CXL memory operating at DDR5-4400 speeds and in a remote NUMA node is certainly not the highest-performing option. On the other hand, it strikes a great balance of performance, cost, and density.

Utilizing CXL, we get more memory capacity on a single CPU while still reaping the 2U 4-node density benefits. When we reviewed 2U4N servers previously, many STH readers and OEMs said that a common reason to use two lower core count CPUs instead of one was simply to get more DIMM slots. This fixes the associated modern challenge of how to cool a second in-line CPU in a half-width 1U node as well.

To be clear, this is not the perfect solution for every application. At the same time, having eight CXL DIMMs of expandability per node, or adding 32 DIMMs per 2U chassis that would normally hold 48 DIMMs is significant for those that need more memory capacity.

If nothing else, this was just a cool server because it shows something else. Many hyper-scalers are not deploying CXL in PCIe cards or EDSFF form factors. Instead, they are using cards like these to provide better cooling to the modules. (See an example we showed recently.) This is one of the first non-hyper-scale systems we have seen outside of a scale-up system we saw that incorporates this type of CXL integration.
STH Server Spider: ASUS RS520QA-E13-RS8U
In the second half of 2018, we introduced the STH Server Spider as a quick reference to where a server system’s aptitude lies. Our goal is to start giving a quick visual depiction of the types of parameters that a server is targeted at.

What is interesting about this server is that a 2U 4-node AMD EPYC 9005 platform is interesting itself. Adding the additional memory via CXL skews the memory density over the CPU density because it removes the need for a second socket per node to add more memory. On the other hand, this does not have the maximum NVMe storage or I/O capacity for servers.
Final Words
Personally, I have become a big fan of single-socket AMD EPYC platforms. When we deploy them, there is always a question of do we move to larger memory modules, do we move to 2DPC, or do we even need to have that many slots to begin with. The ASUS RS520QA-E13-RS8U offers something really different in the 2U 4-node form factor, which is neat. It is also one of the most unique CXL Type-3 memory expansion device servers that we have seen.

Hopefully, our STH community likes this look at a unique CXL server. It was a great opportunity to show off what one of these can do. When we were able to see it on a trip to Taipei earlier this year, I was very excited to get to bring this to you.

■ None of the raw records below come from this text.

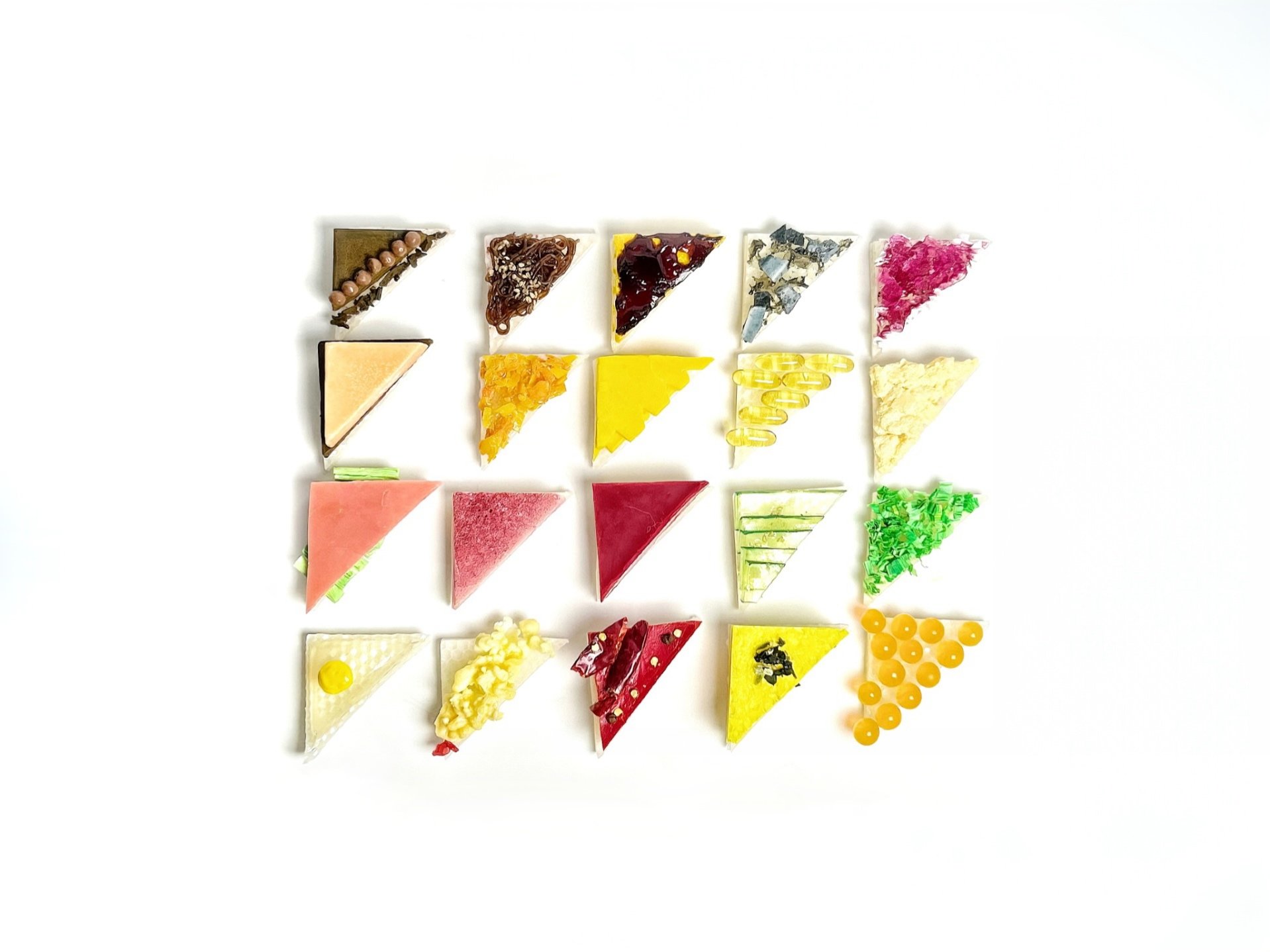 Taste Of Sandwiches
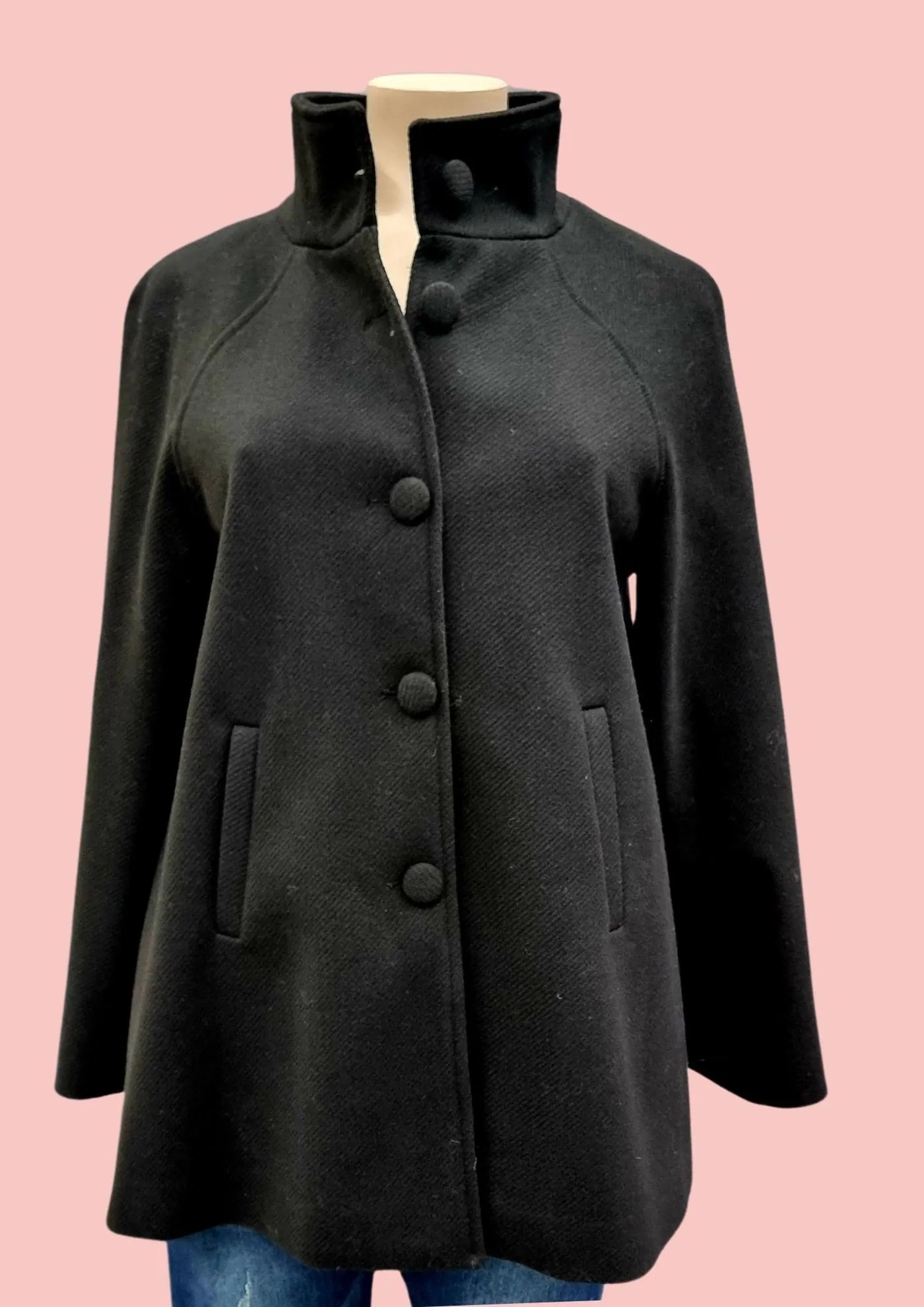 Cappotto corto donna EXSY: 4839E7199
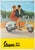 Advertising Poster from Vespa G.S, 1960 For Sale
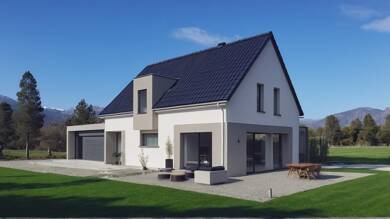Terrain avec maison neuve à vendre 401 820 € Merkwiller-Pechelbronn 67250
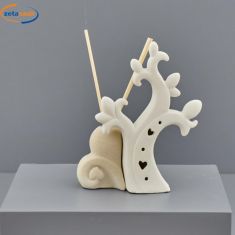 BOMBONIERA ALBERO DELLA VITA PROFUMATORE CON LED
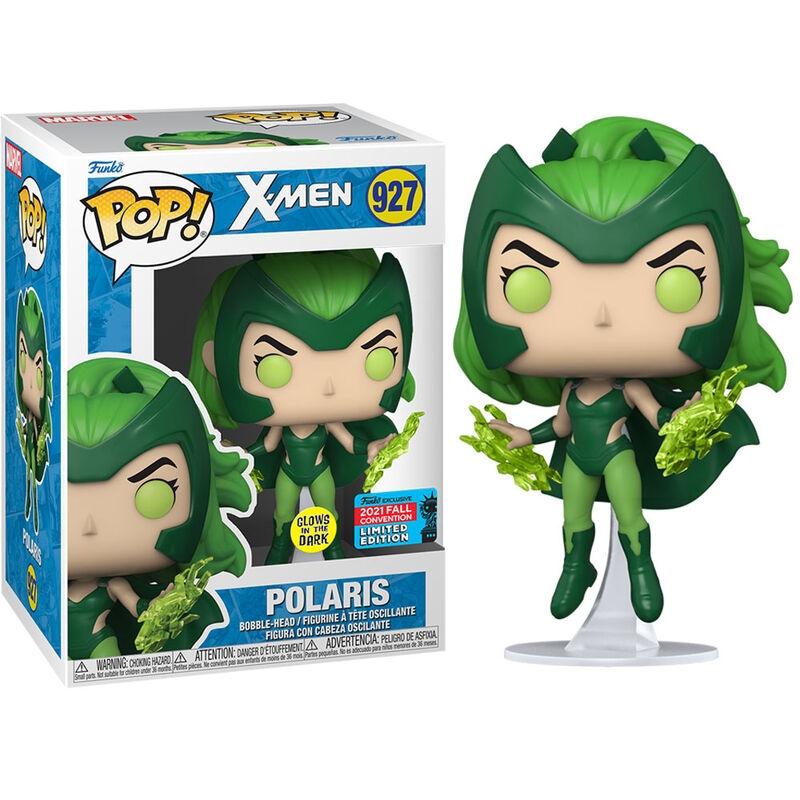 POP-figur Marvel X-Men Polaris Exklusiv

In the future, expect many cool CXL designs to start making their way into mainstream servers.
It’s nice, but I much prefer CXL memory expansion to be sharable between all the CPUs in a box instead of being a much simpler expansion, where a block of memory (8 DIMMs per node times 4) is not fully shared (32 DIMMs splittable (dynamically allocated) between 4 nodes). Examples in STH articles: “Lenovo Has a CXL Memory Monster with 128x 128GB DDR5 DIMMs” and “Inventec 96 DIMM CXL Expansion Box at OCP Summit 2024 for TBs of Memory”.